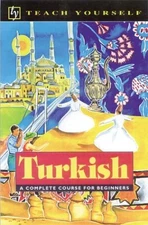 Teach Yourself Turkish Complete Course (Turkish Edition)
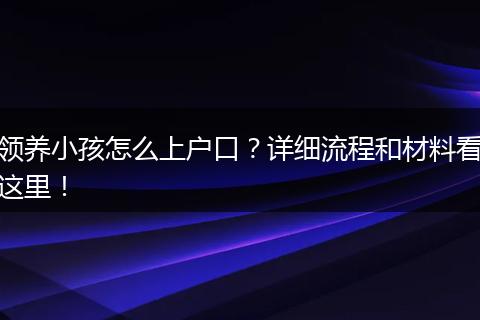 领养小孩怎么上户口？详细流程和材料看这里！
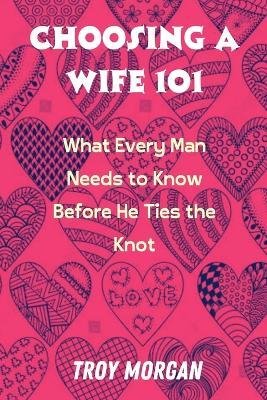 Choosing a Wife 101: What Every Man Needs to Know Before He Ties the Knot - Troy Morgan - cover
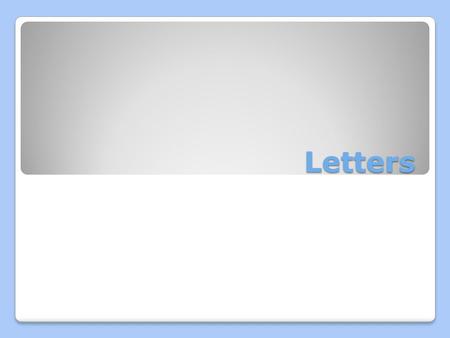 Letters. Parts of a letter Dateline ◦Quadruple Space (4 times) Inside Address (where it’s going) ◦Double Space Salutation ◦Double Space Body ◦Single spaced.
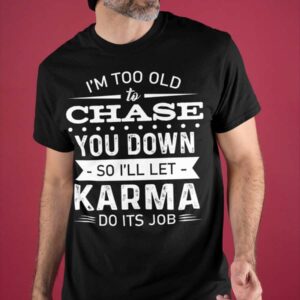I’M Too Old To Chase You Down So I’Ll Let Karma Do Its Job Shirt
########
YOUR ASSIGNMENT: In the listing, find the line containing "Choosing a Wife" and repeat it and every later line through the last one, word for word, excluding the pictures.

RESPONSE:
 Choosing a Wife 101: What Every Man Needs to Know Before He Ties the Knot - Troy Morgan - cover
 Letters. Parts of a letter Dateline ◦Quadruple Space (4 times) Inside Address (where it’s going) ◦Double Space Salutation ◦Double Space Body ◦Single spaced.
I’M Too Old To Chase You Down So I’Ll Let Karma Do Its Job Shirt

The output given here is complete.